Il n’y a qu’une chose qu’ « impacter » n’impacte pas. C’est l’acharnement des puristes à condamner son emploi. Rangés en ordre de bataille derrière l’Académie, ces derniers considèrent qu’il n’est rien d’autre qu’un cadeau empoisonné venu d’outre-Manche et qu’il éclipse abusivement les verbes bien de chez nous que sont toucher, marquer, se répercuter, affecter, heurter, influer, influencer, atteindre, etc. 

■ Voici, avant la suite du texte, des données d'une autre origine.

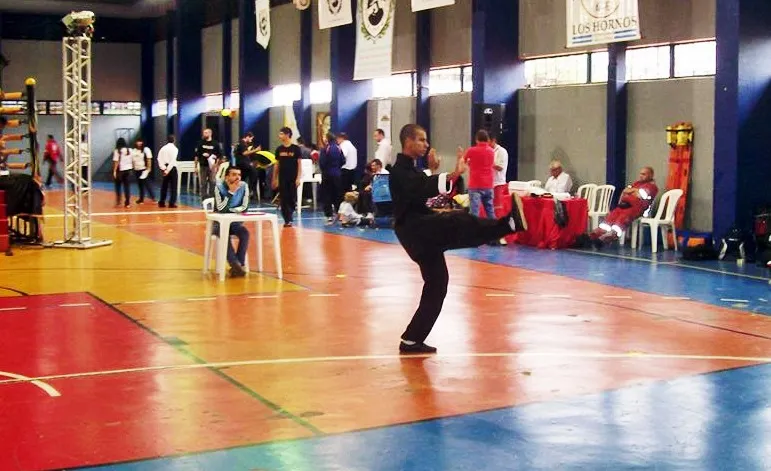 Atleta de Maricá vence campeonato internacional em São Paulo 8 Diego se apresenta para os jurados no campeonato internacional de Kung-Fu. (Foto: Divulgação)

Une telle levée de boucliers n’est pas une surprise en soi. Elle va dans le sens du combat mené par les mêmes linguistes contre le recours tout aussi « abusif » du substantif « impact ».  Pour rappel, un « impact » désigne « le choc d’un projectile contre un corps, ou la trace, le trou qu’il laisse ». On parle de l‘impact d’une balle sur un mur, de l’impact d’un rocher sur la chaussée, de l’impact d’une météorite sur la Terre, de l’impact d’un coup sur le visage. 

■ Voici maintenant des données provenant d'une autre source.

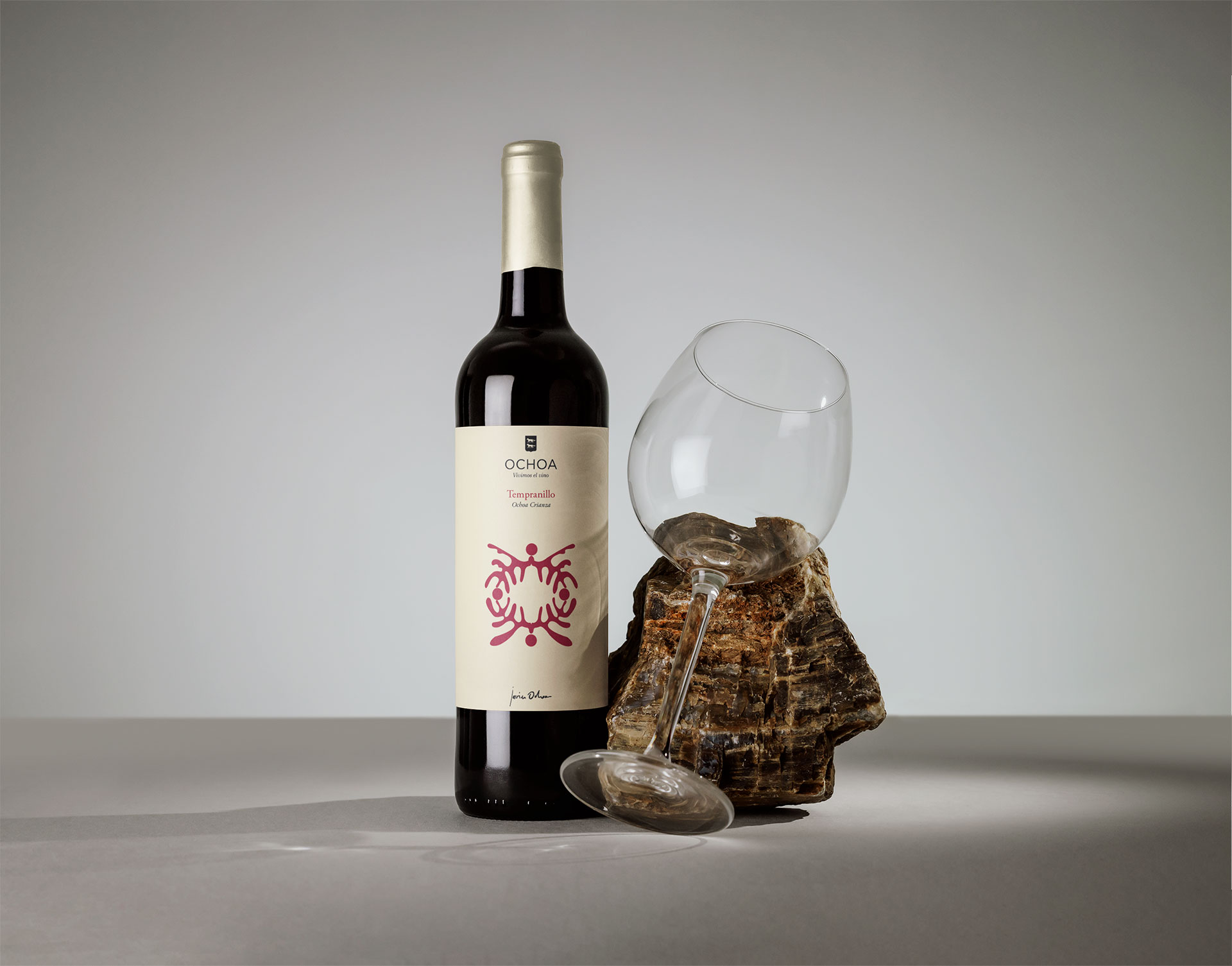 vinos-ochoa- Imagen botella de vino ochoa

Au figuré, il exprime « un effet violent, une vive répercussion », insiste le grammairien Maurice Grevisse. Autrement dit, « impact » ne peut se substituer à « conséquence, influence, effet, résultat, retentissement, contrecoup, portée, poids » ou encore « retombées », s’il ne décrit pas une brutalité soudaine dont il reste à délimiter les contours et ce n’est pas là une mince affaire.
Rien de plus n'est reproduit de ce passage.